La compagnie Heineken est le troisième plus grand brasseur au monde avec ses 125 brasseries réparties dans plus de 70 pays. Elle brasse et vend plus de 170 bières régionales, locales et internationales. Vu sous cet angle, Prestige peut certainement rester sur le marché. D’ailleurs, bien avant l’acquisition de BRANA par le brasseur européen, Guinness se vendait tout aussi bien par la même brasserie. Par ailleurs, la bière haïtienne détient d’autres atouts pour justifier son importance sur le marché. En 2012, Prestige remportait la médaille d’or dans la catégorie « American-Style Cream Ale or Lager » et bien avant ça, en 2000 : des distinctions qui confirment une qualité supérieure de la bière Prestige. Peut-on retirer du marché une bière qui a remporté deux médailles d’or ? Le bon sens dira certainement pas. Et encore, Prestige devient une icône dans le vécu haïtien. A la mer, dans les rencontres entre amis, en soirée et en weekend, pendant le carnaval, la bière Prestige devient incontournable. Déjà, son slogan « Kenbe Prestige ou » impose un style de vie particulier, affirme cette faculté à créer du bonheur et fait de la marque un outil social puissant. Peu de produits du terroir ont la faculté d’apporter cette sensation et de créer cette fierté de pouvoir franchir aisément les barrières locales. La popularité de Prestige à l’extérieur est croissante et avec l’appui marketing d’un géant comme Heineken, elle peut facilement gagner d’autres marchés.

Le marché haïtien aura donc trois bières principales (Prestige, Heineken, Guinness) et d’autres bières importées (Presidente, Miller Lite, Amsterdam, Bavaria, Coors etc.) ; chacun, pour une clientèle bien spécifique.

 

Heineken efface Prestige du marché

Dans le second scénario, Heineken n’aurait pas de grands soucis à ne plus commercialiser Prestige. En supposant que pour réduire ses coûts, Heineken déciderait de brasser sa bière par ici, cela engagerait d’autres coûts pour continuer à produire Prestige. En voulant garder deux bières sur le marché avec le même aura : Prestige, fierté locale et Heineken, une référence internationale, la compagnie devra forcément pousser un produit en avant et dès lors, le cannibalisme commencerait. Vu qu’en général, nous sommes des early adopters et que l’effet de snobisme peut au départ pousser certains à consommer du Heineken, Prestige peut bien disparaitre dans ce scénario. Son retrait se fera en douceur avec la bouteille verte qui, à travers une stratégie de push qui semble déjà avoir commencé, se substituerait à la bouteille marron. De plus, en analysant le marketing stratégique de la brasserie Heineken, certains spécialistes remarquent qu’elle s’intéresse à tous les consommateurs adultes, donc un segment de marché très large.

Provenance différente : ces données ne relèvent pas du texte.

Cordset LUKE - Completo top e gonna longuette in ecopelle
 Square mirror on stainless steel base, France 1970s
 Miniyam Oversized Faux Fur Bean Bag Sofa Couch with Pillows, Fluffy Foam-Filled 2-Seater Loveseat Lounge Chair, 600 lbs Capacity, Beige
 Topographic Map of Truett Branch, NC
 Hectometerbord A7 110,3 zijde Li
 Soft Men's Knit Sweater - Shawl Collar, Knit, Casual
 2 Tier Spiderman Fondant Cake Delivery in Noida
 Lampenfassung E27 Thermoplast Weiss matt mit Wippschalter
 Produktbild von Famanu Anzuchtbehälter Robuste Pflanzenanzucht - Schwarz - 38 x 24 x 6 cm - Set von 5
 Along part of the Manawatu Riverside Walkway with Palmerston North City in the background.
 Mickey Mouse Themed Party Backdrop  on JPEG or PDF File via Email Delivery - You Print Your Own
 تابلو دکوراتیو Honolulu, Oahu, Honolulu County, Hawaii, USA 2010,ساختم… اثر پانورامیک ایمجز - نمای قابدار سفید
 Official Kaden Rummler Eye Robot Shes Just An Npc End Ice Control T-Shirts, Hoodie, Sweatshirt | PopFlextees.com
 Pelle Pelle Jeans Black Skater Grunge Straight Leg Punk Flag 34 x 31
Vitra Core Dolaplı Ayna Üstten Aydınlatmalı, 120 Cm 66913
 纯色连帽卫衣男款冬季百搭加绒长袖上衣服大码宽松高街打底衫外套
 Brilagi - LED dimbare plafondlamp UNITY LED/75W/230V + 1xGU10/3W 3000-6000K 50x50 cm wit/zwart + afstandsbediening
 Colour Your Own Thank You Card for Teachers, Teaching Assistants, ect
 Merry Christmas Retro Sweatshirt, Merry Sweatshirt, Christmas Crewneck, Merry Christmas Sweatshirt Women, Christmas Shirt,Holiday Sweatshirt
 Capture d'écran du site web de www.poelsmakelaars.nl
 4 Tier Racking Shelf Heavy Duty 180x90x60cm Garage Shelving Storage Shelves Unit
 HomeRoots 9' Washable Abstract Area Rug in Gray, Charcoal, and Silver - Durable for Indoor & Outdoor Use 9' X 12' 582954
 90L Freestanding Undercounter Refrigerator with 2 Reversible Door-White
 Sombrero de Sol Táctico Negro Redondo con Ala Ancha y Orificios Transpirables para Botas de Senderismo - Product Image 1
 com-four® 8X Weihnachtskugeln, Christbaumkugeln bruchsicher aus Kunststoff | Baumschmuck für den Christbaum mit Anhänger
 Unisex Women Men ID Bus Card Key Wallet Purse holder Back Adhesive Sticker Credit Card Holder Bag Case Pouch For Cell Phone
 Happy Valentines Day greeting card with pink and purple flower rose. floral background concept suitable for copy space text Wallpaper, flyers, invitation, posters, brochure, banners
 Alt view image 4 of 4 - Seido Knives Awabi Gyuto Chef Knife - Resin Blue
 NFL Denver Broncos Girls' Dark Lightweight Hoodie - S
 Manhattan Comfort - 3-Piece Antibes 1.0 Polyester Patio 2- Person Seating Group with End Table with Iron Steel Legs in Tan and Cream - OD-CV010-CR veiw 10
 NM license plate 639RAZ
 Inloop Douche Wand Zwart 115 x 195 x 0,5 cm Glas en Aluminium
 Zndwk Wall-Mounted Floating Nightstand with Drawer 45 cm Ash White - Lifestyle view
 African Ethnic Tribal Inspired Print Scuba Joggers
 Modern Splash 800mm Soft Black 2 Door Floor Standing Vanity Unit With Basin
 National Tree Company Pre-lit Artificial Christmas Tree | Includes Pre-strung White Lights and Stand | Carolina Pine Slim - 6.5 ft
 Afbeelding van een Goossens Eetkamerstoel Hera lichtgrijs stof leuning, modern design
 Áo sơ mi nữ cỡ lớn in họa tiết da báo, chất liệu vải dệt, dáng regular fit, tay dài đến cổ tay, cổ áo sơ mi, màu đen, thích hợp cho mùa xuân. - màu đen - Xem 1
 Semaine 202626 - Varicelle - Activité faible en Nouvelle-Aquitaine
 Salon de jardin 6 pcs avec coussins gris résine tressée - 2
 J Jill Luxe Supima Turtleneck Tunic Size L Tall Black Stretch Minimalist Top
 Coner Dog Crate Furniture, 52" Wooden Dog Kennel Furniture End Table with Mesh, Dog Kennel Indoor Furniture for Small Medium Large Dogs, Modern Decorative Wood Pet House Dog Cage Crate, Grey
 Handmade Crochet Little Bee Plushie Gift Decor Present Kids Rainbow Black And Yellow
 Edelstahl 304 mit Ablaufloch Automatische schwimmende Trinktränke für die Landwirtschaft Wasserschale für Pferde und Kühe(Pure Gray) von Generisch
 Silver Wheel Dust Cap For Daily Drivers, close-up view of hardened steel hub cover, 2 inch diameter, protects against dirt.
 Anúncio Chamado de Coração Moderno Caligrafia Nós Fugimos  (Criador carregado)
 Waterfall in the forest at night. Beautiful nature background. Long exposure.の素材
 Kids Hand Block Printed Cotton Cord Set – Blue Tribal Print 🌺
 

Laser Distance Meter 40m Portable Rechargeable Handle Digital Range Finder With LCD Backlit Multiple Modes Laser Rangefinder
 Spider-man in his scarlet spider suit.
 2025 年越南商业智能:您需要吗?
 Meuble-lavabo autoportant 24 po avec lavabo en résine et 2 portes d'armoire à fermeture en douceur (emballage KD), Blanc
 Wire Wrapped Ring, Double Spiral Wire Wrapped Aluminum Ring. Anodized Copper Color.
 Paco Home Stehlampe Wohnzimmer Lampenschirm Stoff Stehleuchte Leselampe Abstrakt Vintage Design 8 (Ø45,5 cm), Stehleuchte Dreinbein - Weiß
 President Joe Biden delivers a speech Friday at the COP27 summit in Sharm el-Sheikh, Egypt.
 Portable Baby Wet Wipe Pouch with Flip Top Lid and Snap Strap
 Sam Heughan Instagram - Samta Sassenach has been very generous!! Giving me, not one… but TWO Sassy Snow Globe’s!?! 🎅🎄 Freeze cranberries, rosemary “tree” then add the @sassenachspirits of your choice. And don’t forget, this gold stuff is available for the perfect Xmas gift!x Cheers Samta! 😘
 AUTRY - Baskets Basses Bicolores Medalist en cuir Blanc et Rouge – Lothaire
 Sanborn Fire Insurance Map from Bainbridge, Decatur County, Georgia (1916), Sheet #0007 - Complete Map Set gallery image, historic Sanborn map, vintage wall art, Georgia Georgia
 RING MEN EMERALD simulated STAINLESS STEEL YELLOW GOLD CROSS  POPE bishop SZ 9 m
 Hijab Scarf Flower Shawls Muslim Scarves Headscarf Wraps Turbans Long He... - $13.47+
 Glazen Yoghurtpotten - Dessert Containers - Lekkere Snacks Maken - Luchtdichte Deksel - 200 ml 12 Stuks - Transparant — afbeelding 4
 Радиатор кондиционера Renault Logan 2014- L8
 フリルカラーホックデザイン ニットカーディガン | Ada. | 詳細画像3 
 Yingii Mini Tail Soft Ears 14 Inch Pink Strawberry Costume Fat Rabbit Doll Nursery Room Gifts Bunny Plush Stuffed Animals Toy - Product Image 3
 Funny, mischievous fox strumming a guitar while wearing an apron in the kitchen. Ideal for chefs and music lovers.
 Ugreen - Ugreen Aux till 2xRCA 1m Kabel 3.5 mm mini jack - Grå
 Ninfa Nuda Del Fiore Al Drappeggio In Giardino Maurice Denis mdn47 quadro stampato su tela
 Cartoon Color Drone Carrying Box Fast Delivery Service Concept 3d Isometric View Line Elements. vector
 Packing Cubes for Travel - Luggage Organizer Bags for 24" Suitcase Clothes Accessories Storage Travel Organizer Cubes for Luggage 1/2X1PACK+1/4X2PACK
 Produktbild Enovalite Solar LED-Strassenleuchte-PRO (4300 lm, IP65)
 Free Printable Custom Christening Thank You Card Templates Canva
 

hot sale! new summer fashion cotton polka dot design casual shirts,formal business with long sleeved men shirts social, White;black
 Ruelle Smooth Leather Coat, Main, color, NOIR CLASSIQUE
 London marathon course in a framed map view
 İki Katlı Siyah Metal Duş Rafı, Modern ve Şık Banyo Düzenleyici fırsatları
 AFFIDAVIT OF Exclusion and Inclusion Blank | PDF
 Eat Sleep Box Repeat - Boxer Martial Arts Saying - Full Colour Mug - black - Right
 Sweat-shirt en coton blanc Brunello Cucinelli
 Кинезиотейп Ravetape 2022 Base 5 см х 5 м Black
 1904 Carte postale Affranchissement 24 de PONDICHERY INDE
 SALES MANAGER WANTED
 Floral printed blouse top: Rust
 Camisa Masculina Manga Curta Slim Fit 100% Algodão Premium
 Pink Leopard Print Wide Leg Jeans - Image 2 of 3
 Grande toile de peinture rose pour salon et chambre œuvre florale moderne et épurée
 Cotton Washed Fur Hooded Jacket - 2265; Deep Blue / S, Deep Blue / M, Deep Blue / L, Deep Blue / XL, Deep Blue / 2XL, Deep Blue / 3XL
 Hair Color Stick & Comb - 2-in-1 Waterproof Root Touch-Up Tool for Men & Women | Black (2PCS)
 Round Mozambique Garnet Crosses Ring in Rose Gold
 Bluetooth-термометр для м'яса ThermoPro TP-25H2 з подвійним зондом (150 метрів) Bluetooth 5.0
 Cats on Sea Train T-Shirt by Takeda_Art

Plus il y a de mains à tenir leur produit, plus ils sont satisfaits. C’est là le rêve de toute multinationale. Vu sous cet angle, la bière Heineken va vite conquérir le marché haïtien.

D’un regard à un autre, Heineken reste gagnant dans l’équation ainsi que les amateurs de spiritueux, bien entendu. Peu importe l’issue, nous finirons tous une bouteille de bière en main les weekend.